By Sandy Kirchner-Wilson 23.07.2020
Entering into early access The Waylanders is a new game being developed by Spanish studio Gato Salvaje Studios and ex-Bioware developers. They bring talent that worked on Dragon Age, and it certainly feels like their aim was to create something akin to that; to relive the glory days and create a big epic new western RPG game. Here's a brief look at their creation.
Dialogue, a key word, especially considering the parallels in this game with Dragon Age: Origins; the game that claimed to have as much text as The Lord of the Rings. It might come as a surprise to find that the dialogue, while well voice acted, is bizarrely out of place with lots of modern references, memes, and cringe humour that it not only makes you glad the opening is skippable, but it also tears you out of the world. In a word it is cringe, but it lacks the charm that came with Resident Evil's campy delivery. That aside, the story is pretty interesting, with the main character accompanying the king and his army on a new venture exploring new territories "Waylanding" if you will.
Visually, this has an interesting style with plenty of colour, and some interesting stylisation. This means that the environments and characters pop. Players can design their own protagonist, but the choices are quite limited, and every race shares the same body shapes, with very, very limited changes based on creature. For example, the werewolf people are just the humans, but with a flat woolly bit on each shoulder. Not teeth, fluffy ears, different eyes, claws, etc… a little barren for this reviewer's tastes. Amusingly many of the female characters seem to have their breast revealed which made for an interesting almost tribal clothing design.

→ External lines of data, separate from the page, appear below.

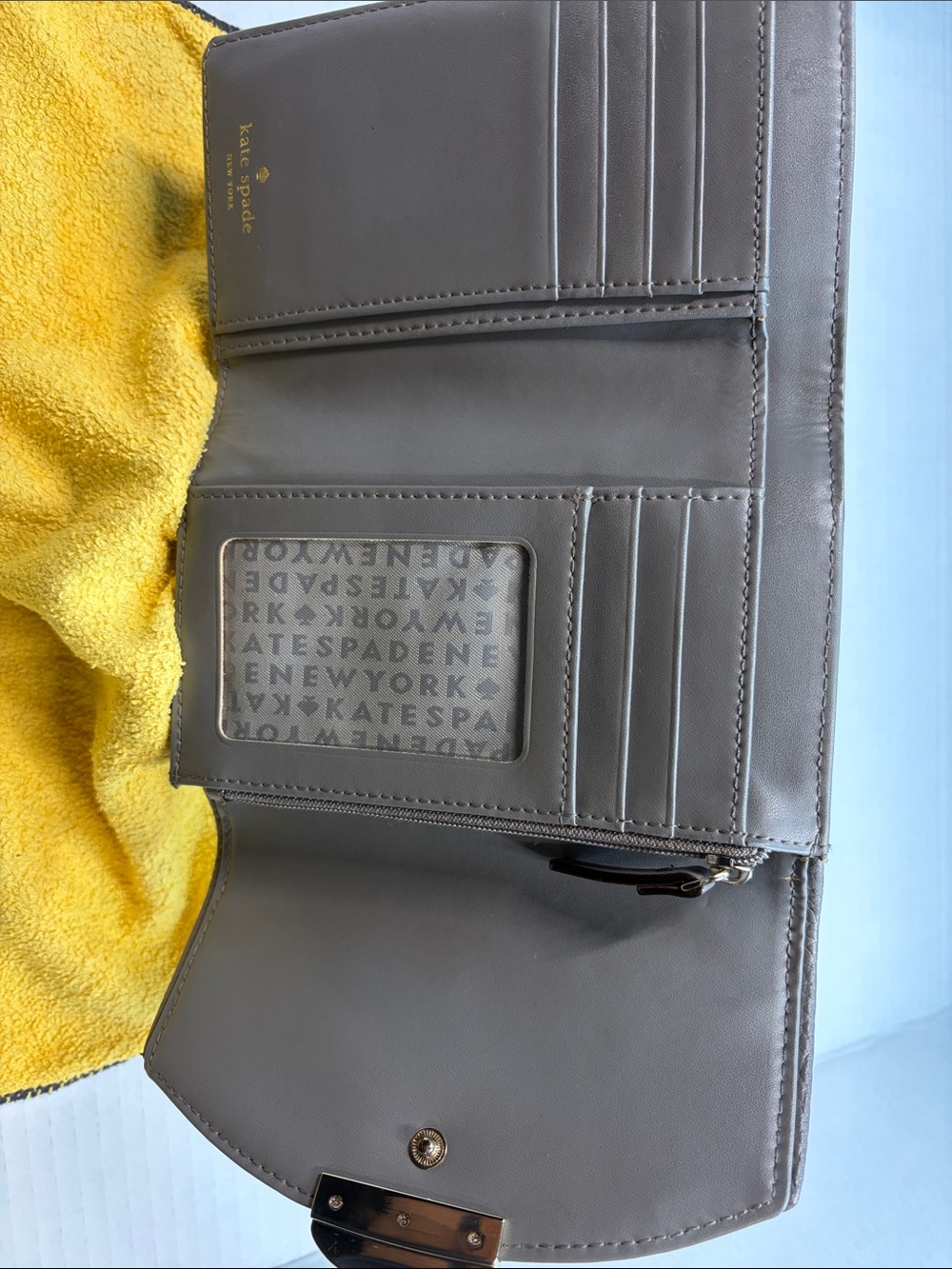 Kate Spade Gray Leather Wallet - Foldover Card Organizer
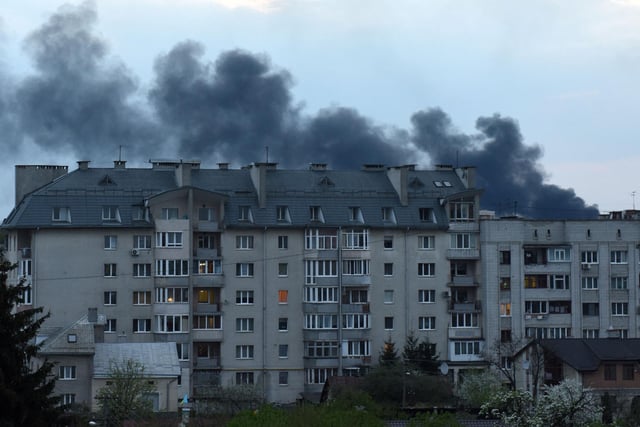 Dark smoke rises following an air strike in the western Ukrainian city of Lviv, on May 3, 2022. (Photo by Yuriy Dyachyshyn / AFP) (Photo by YURIY DYACHYSHYN/AFP via Getty Images)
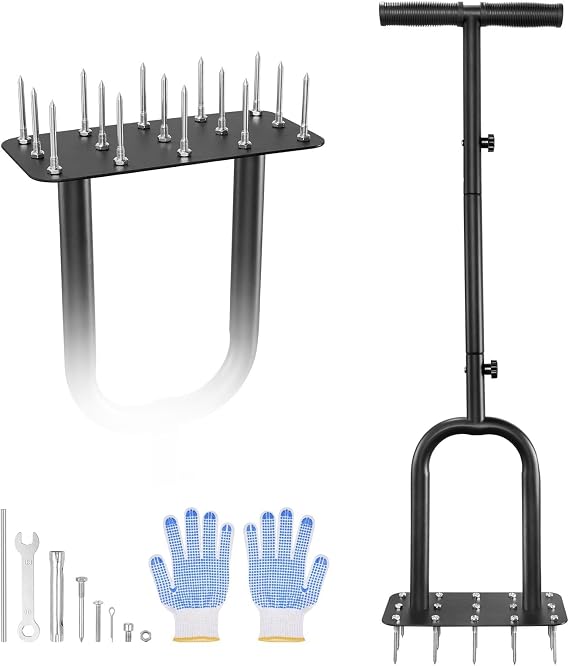 Lawn Aerator Spikes Aerating Tool, Manual Yard Grass Aerator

It plays a lot like Dragon Age: Origins on PC, with an isometric camera angle - click to move and with auto-attacking once the command is given. It even has the tactical pause functions, so players can strategize when needed. This is all serviceable, but the combat has made no changes to that Origins formula, and is arguably less varied and slower. The fighting felt like pushing through a sea of molasses, and that made it incredibly unenjoyable. General movement is good, letting players use either mouse controls via clicking, or by using the WASD buttons. Dialogue choices felt very superficial, but that may become deeper as the game goes on.
Levelling up and using skills is fairly satisfying, with lots of interesting secondary attacks. These spice up the combat a little, but still don't quite do enough to remove the slow tedium of the standard attacks. It's something that would have benefited from the parry animations, and more varied standard attack movements from Knights of the Old Republic. Instead of a singular hit animation, replaying over and over a bit of pissas and sparkle could really make the game feel livelier. Luckily the entire game is backed by a sublime soundtrack that is very filmic and epic. It does it's best at bringing the world to life and building an atmosphere for players to get lost in.
To be honest, it's hard to recommend this in it's current form to anyone except the hardest core of action strategy RPG fans, and, heck, even they might find the hip and happening dialogue and lack of interesting character interactions, unappealing. The systems are needing some polish, dialogue and conversations need some more lively interactions visually. The game is serviceable overall and for some it will hit the right notes and they'll sing it's praises. It's easy to see that the developer is working hard to reach their vision, but this needs more time to flourish and a focus on the combat would be beneficial.